[Task inputs]:
[Start of section]

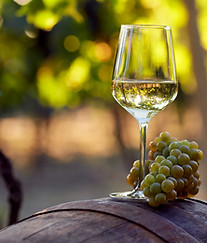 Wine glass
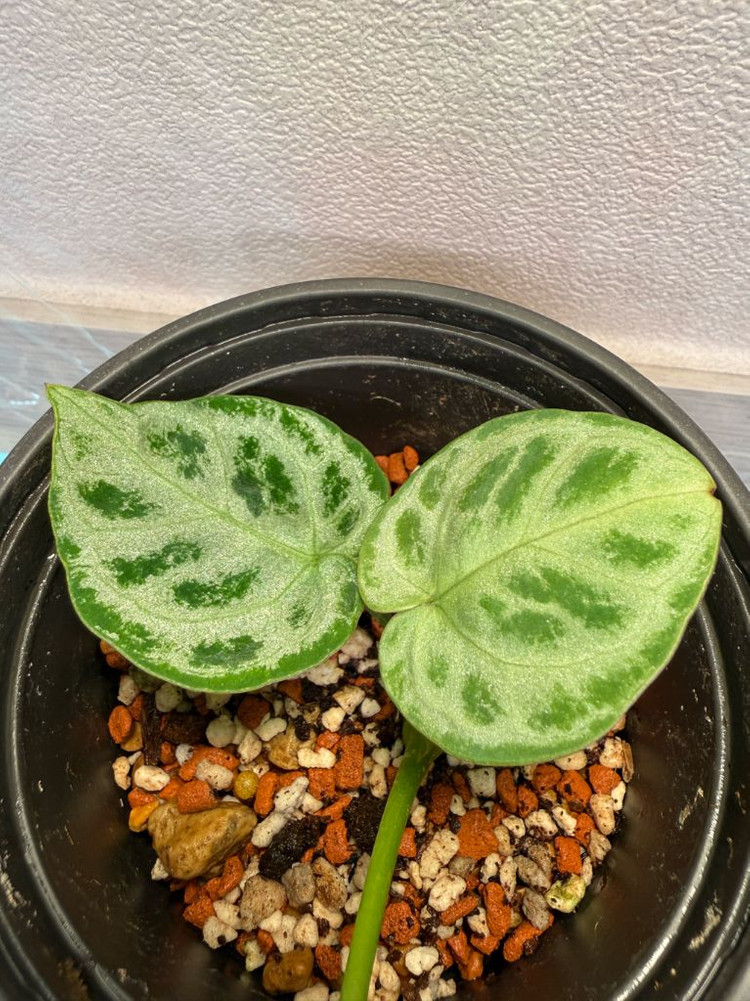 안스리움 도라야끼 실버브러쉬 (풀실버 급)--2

[End of section]
[Start of section]

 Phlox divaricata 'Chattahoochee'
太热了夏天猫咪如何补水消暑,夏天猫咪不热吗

[End of section]
[Start of section]

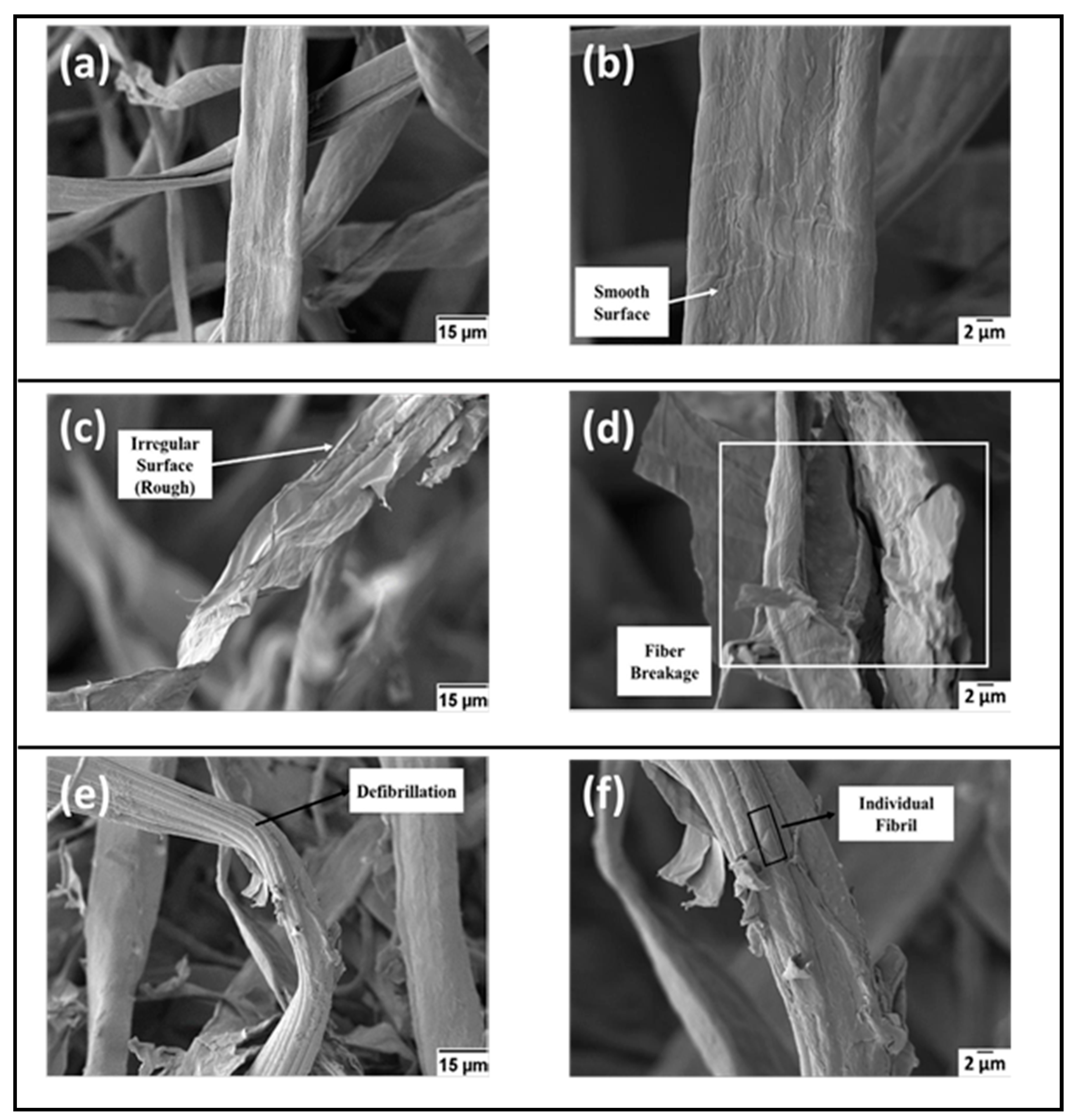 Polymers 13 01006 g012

[End of section]

[About this exercise]: Copy word for word the stretch of entries above from the line that has "Phlox divaricata 'Chattahoochee'" through the line that has "太热了夏天猫咪如何补水消暑,夏天猫咪不热吗", both ends included, and nothing outside it.

[Response for this exercise]:
 Phlox divaricata 'Chattahoochee'
太热了夏天猫咪如何补水消暑,夏天猫咪不热吗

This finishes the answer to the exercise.